++++ Material to process
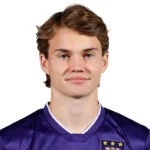 Kristian Arnstad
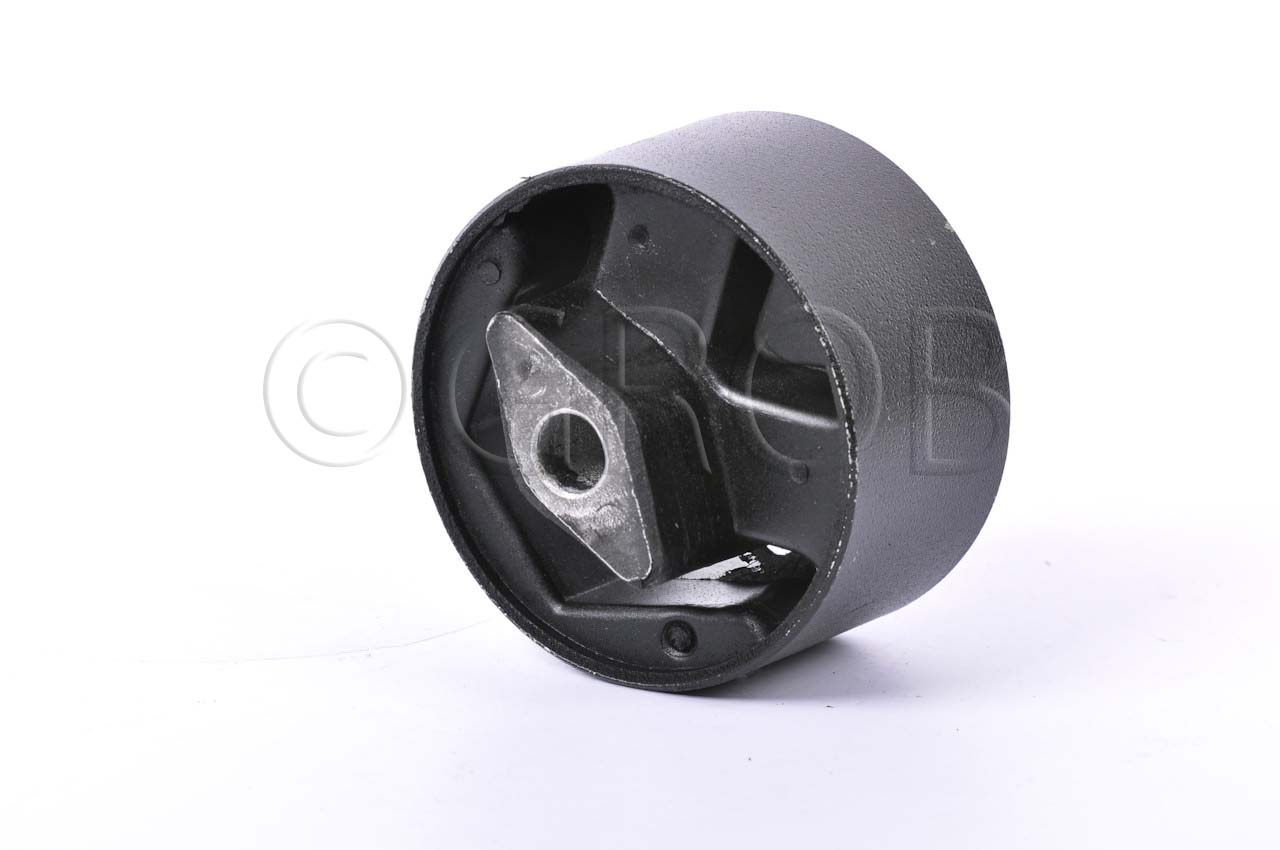 Soporte Motor Rep. Grand Cherokee 93-98 Grand Cherokee 93-98 Grand Cherokee 93-98 Grand Cherokee 93-98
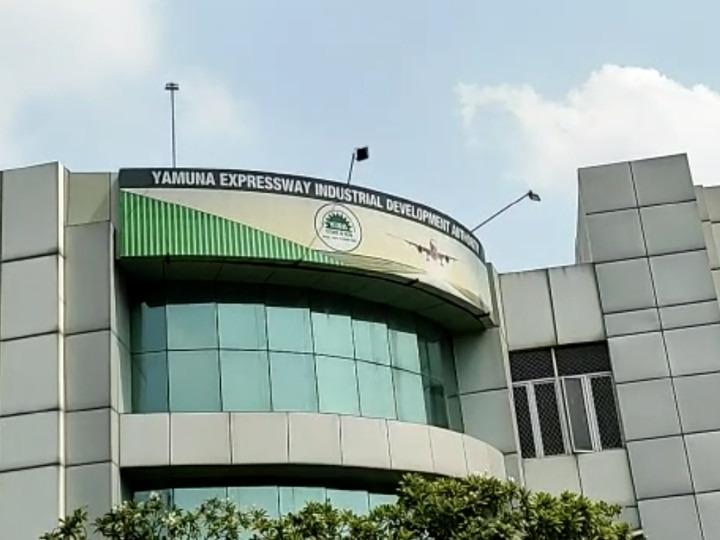 यमुना प्राधिकरण के सेक्टर-28 में यूपी की पहली सेमीकंडक्टर यूनिट की स्थापना, 3,700 करोड़ का होगा निवेश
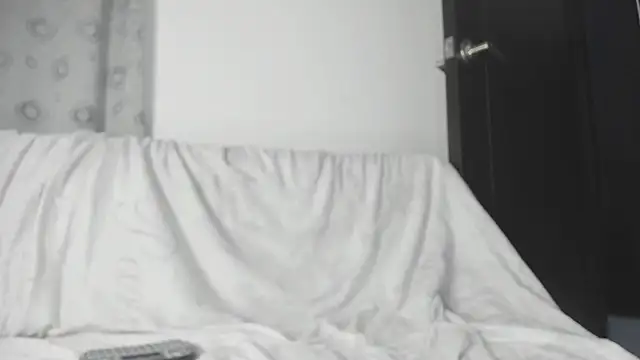 Snapshot of mila_dash chatting on November 29, 2025, 2:12 am mila dash online show from November 29, 2025, 2:12 am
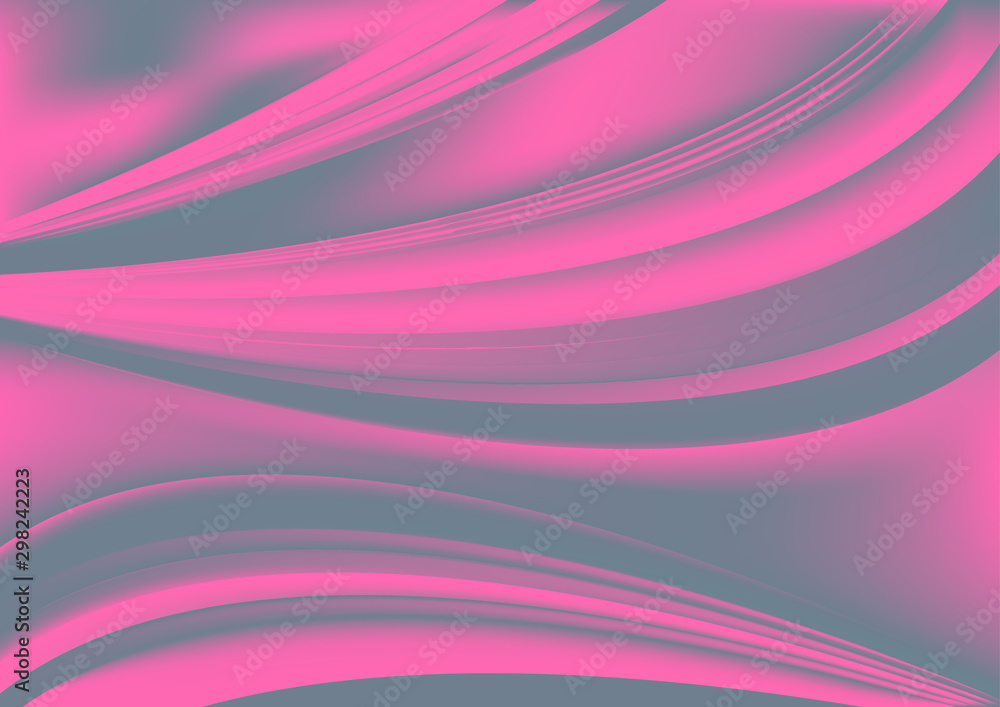 Abstract Creative Background vector image design Abstract Creative Background vector image design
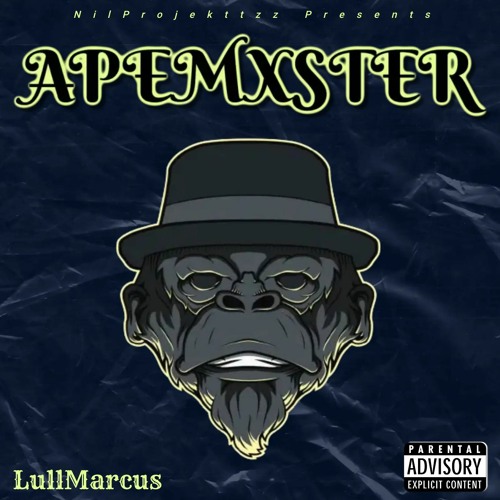 APEMXSTER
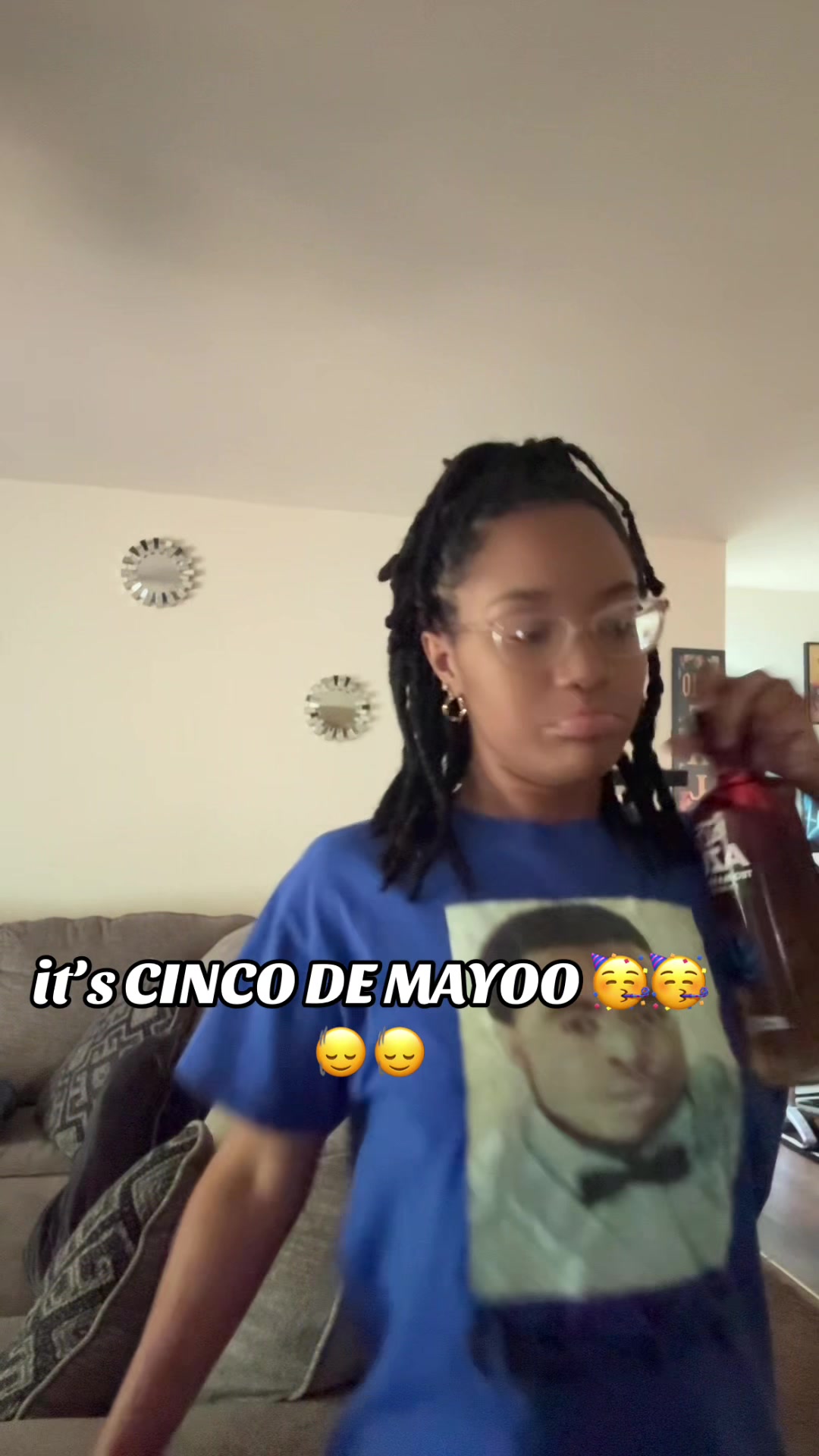 @_.deniseeee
++++++++
[What the exercise asks]
The answer must restate every entry word for word, with the pictures left out.

[Exercise solution]
 Kristian Arnstad
 Soporte Motor Rep. Grand Cherokee 93-98 Grand Cherokee 93-98 Grand Cherokee 93-98 Grand Cherokee 93-98
 यमुना प्राधिकरण के सेक्टर-28 में यूपी की पहली सेमीकंडक्टर यूनिट की स्थापना, 3,700 करोड़ का होगा निवेश
 Snapshot of mila_dash chatting on November 29, 2025, 2:12 am mila dash online show from November 29, 2025, 2:12 am
 Abstract Creative Background vector image design Abstract Creative Background vector image design
 APEMXSTER
 @_.deniseeee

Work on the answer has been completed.